Pangdam Brigjen Sembiring Meliala kemudian melaporkan masalah ini ke Mabes TNI (ABRI). Panglima TNI (ABRI) Jenderal LB Moerdani memutuskan untuk mengambil langkah sendiri untuk mengidentifikasi siapa dan negara mana yang melakukan hal itu. Caranya dengan menyusupkan pasukan komando masuk ke wilayah PNG tanpa permisi. Tugas tersebut lalu dipercayakan kepada Detasemen 81 Kopassus yang saat itu dipimpin oleh Mayor Infanteri Prabowo Subianto sbg komandan operasi. Sasaran mereka adalah suatu lokasi di wilayah PNG, sekitar 50 km dari tapal batas perbatasan dengan Indonesia. Pasukan ini berangkat dari Jayapura naik helikopter, kemudian sampai di suatu tempat dan melanjutkan misi dengan perahu karet agar tidak terdeteksi otoritas PNG.

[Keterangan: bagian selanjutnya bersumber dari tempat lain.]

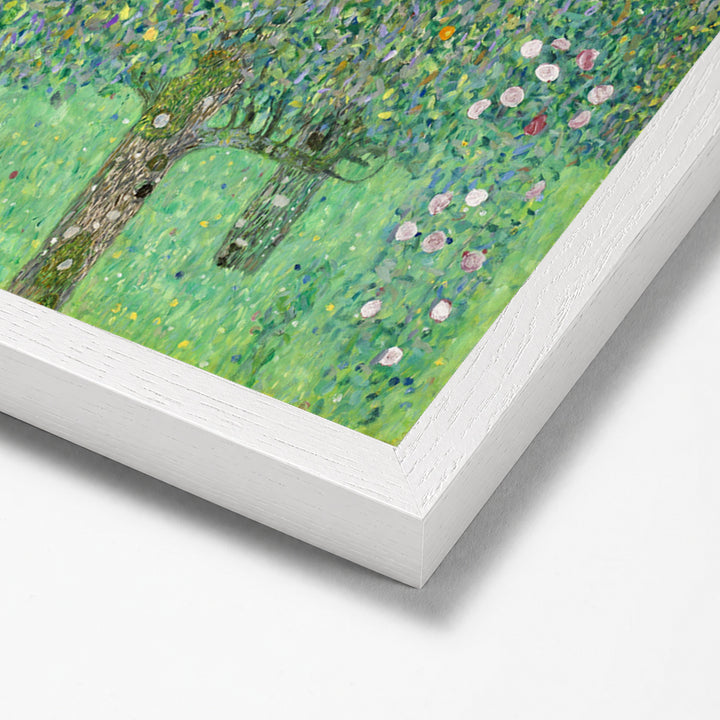 Rosebushes under the Trees by Gustav Klimt white stock paper frame corner detail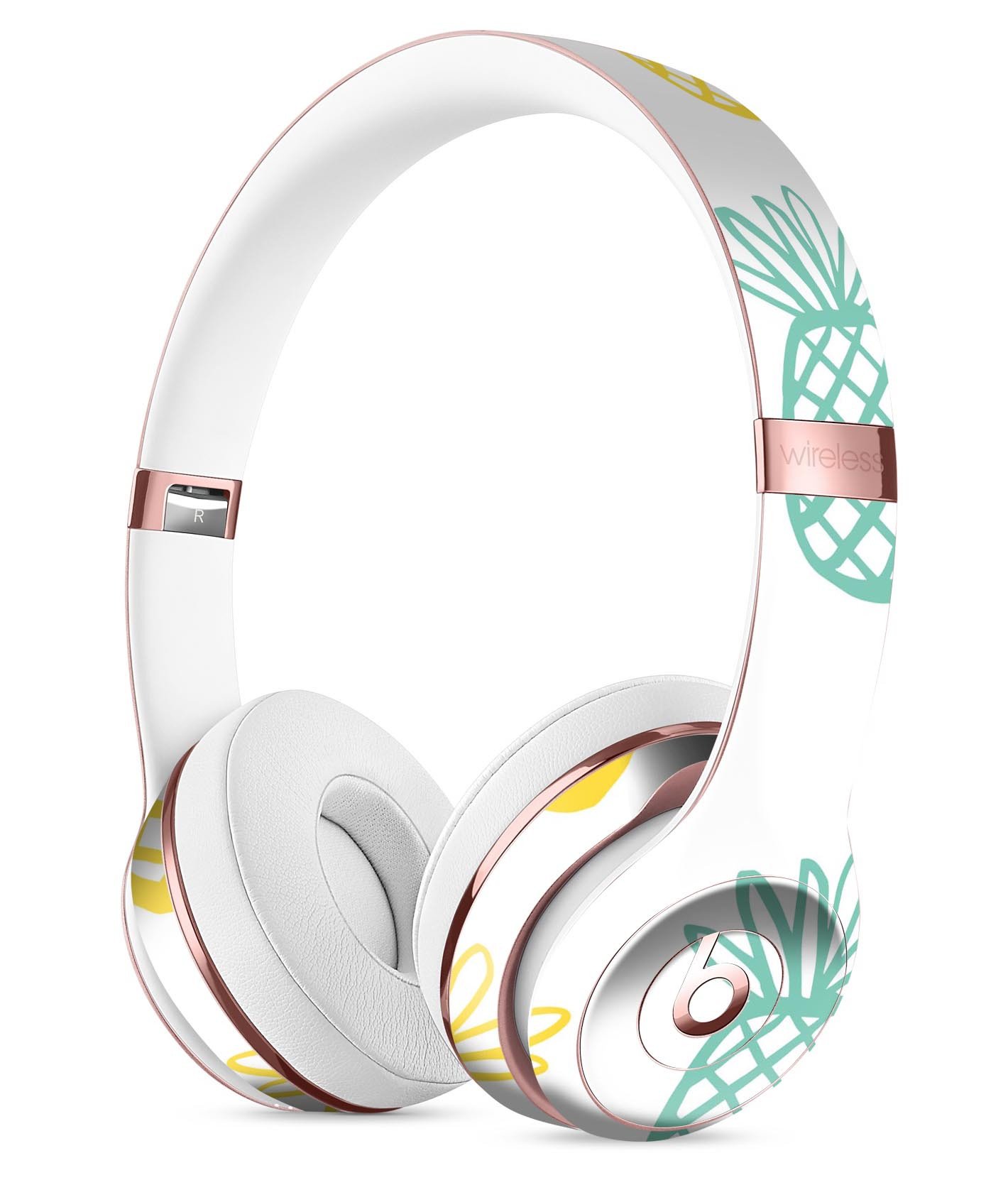 Gold and Mint Pineapple Skin Kit for Beats by Dre Solo 3, showcasing vibrant colors and precise cutouts for a perfect fit.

Perjalanan dini hari menggunakan perahu karet menuju lokasi sasaran terhadang oleh besarnya ombak di perairan sebelah utara PNG. Seorang anggota Kopassus sampai terluka cukup parah untuk mempertahankan perahu dari terjangan ombak. Akhirnya, mereka berhasil sampai di titik pendaratan dan langsung bergerak menuju lokasi sasaran.
Pasukan komando ini segera mencari tempat-tempat yang dicurigai sebagai lokasi penimbunan pasokan senjata. Tetapi, hasilnya nihil.
Tugas operasi belum selesai, mereka harus bisa mendapatkan bukti seperti perintah dari Jakarta. Mereka pun melanjutkan tugas rahasia tersebut. Setelah menunggu selama dua hari dua malam, akhirnya mangsa yang ditunggu muncul dengan cara sembunyi-sembunyi. Dua orang kulit putih muncul dari balik rimbunnya hutan PNG. Mereka tanpa sadar melintasi posisi pasukan Kopassus yang sedang mengintainya. Tanpa membuang waktu, kedua bule ini pun ditangkap. Setelah diperiksa dan diinterogasi, keduanya mengakui sebagai agen Australia.
Mereka juga menunjukkan lokasi tempat helikopter Australia yang memasok senjata dan amunisi untuk OPM. Kedua agen Australia itu kemudian dibawa secara rahasia ke wilayah Papua, Indonesia. Kemudian, keduanya ditahan di Jakarta. Pemerintah Indonesia memberitahukan kepada Pemerintah Australia soal keterlibatan agen Negeri Kanguru itu dalam memasok senjata untuk OPM di wilayah PNG. Beberapa bulan kemudian, keduanya diekstradisi ke Australia.
Australia malu mengetahui agennya tertangkap. Sejak saat itu, Australia tidak berani bertindak macam-macam lagi. Mereka tidak menyangka kalau Kopassus mampu melakukan operasi jauh di dalam wilayah musuh. Bahkan, tidak menutup kemungkinan Kopassus juga bisa beroperasi di pedalaman Australia tanpa terdeteksi.
Inilah yang kemudian membuat tentara Aussie segan terhadap TNI dan Australia menghormati Indonesia.